I was wondering if someone could tell me what the following might be a symptom of. I'm making a JNI call from Java to C. Inside the C routine I allocate a ByteArray and populate it with a series of Floats. On the return from the JNI call I go through and parse through the byte array doing a endian swap on all the floats. Nearly all of the floats are correct, but around the middle of the array I start getting NAN returned from my readFloat() call. All the floats before and after this certain section are correct. I've verified on the C side that the byte array is being populated correctly so I'm confident it's not on that end. Note, this doesn't happen on every call to the routine either. I'm using latitude/longitude coordinates for the floats and in some instances the numbers are not reading correctly by the DataInputStream.
Any ideas? If the memory was off in the byte array then wouldn't the floats before or after the trouble section be wrong as well? What would cause readFloat to return NaN?
Code snippet from how I'm reading from the byte array on the java side
Like I said in my previous post. 95% of the time all the floats pass through just fine, then every so often on the java side the readFloat() call returns NaN. Even though the data going into the byte array looked fine.
Thanks so much for your time helping me figure this out!
Unfortunately I've added some extra code to dump out the data to a file so that I can see what the exact data is when the NaN is encountered. It always looks correct to me, and nothing obvious. There is definitely something happening between the shared library and JNI call when certain floats are sent in. I thought that maybe my compiler was producing a shared library that wasn't quite compatible with what the virtual machine was expecting with regards to a floating point number. Though I would expect this behavior to show up more often than it does though.

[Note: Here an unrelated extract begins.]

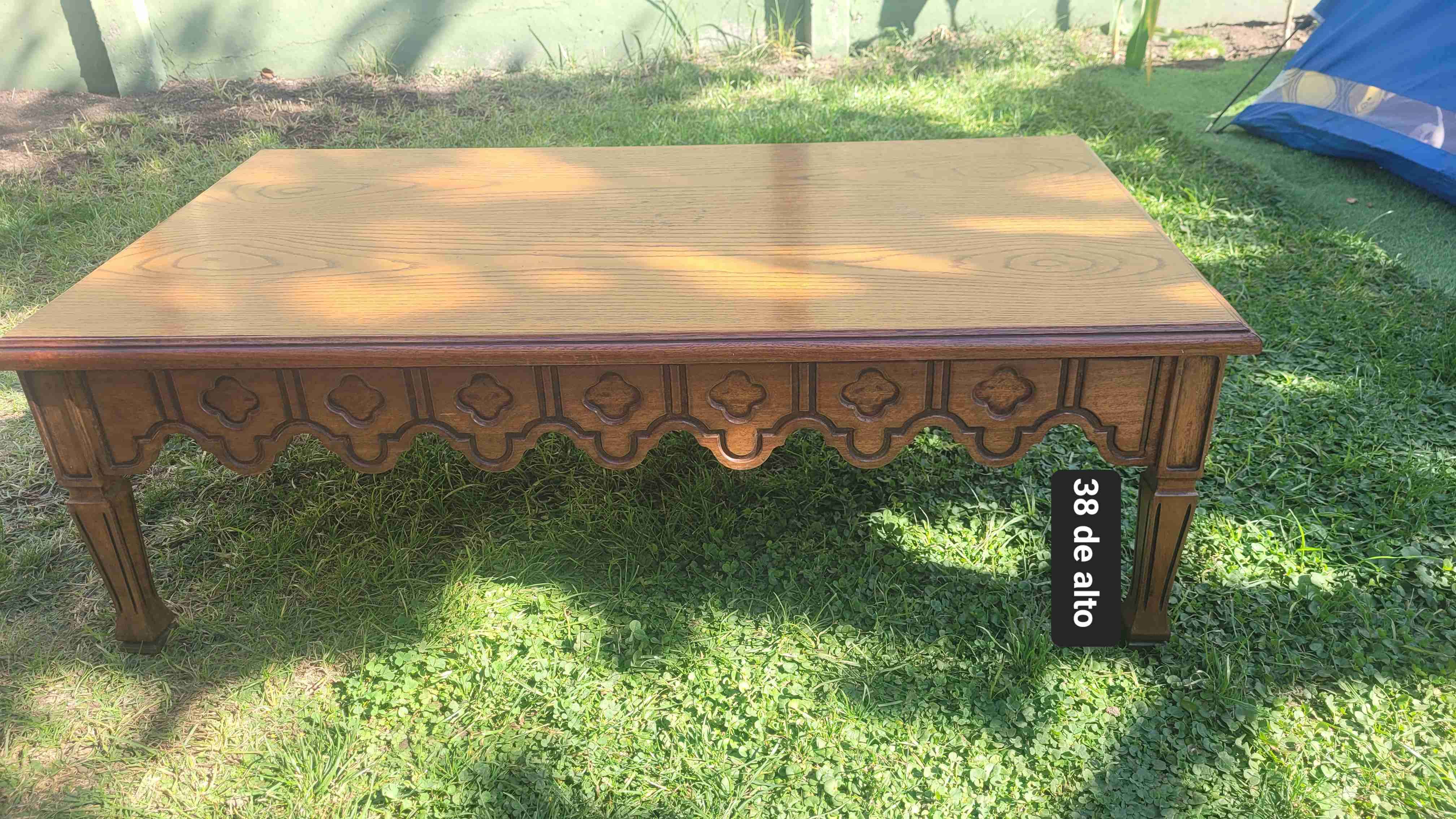 Mesa de centro madera vintage - miniatura 1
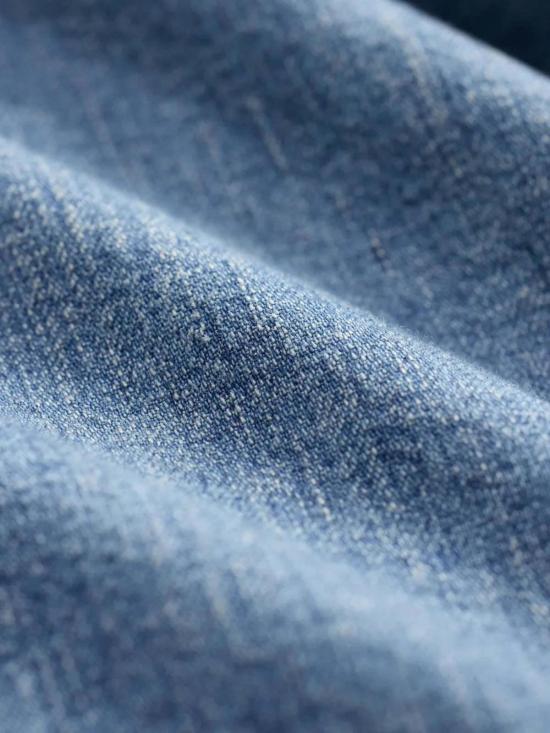  더블알엘 데님 자켓 Rrl 톱니 모양 웨스턴 재킷 라이트 인디고 - RRL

One thing I find a bit dangerous is your assumption that one LatLon struct is always going to be 8 bytes (the size of a Java float). Whereas a Java float is always 4 bytes, there is no such requirement for C programs / libraries. I would definitely change that part of the writing, to ensure you write 8 bytes each time. Maybe something like this:
sizeof(jfloat) will return 4, so this code is no longer dependent on any compiler specific settings.
Note that in your reading loop you are reading only one float whereas two are written.
Thanks! I'll give that a try. And yes, my java example was missing that extra readFloat(). I had just copied over some code to illustrate what I was doing. The original has both reads in it. I'll post back after testing. Thanks!
Hey guys, just wanted to give you an update. I tracked down the problem and it was in the EndianUtil.swapFloat() routine. The standard EndianUtil library that you can find anywhere on the web for swapping a float has issues in about 1% of floats that are sent into it. By reading a float using the readFloat() routine of DataInputStream, converting it to bits using Float.floatToIntBits(), swapping the Integer, then converting it back to float using Float.intBitsToFloat() causes a precision error in certain cases resulting in junk being returned.
The solution is to write a new set of routines that read the bits from the bytestream directly into integers, then perform the byte swapping and converting it back to a float.
Problem solved! Moral of the story, always be wary of seemingly common utilities found on the web.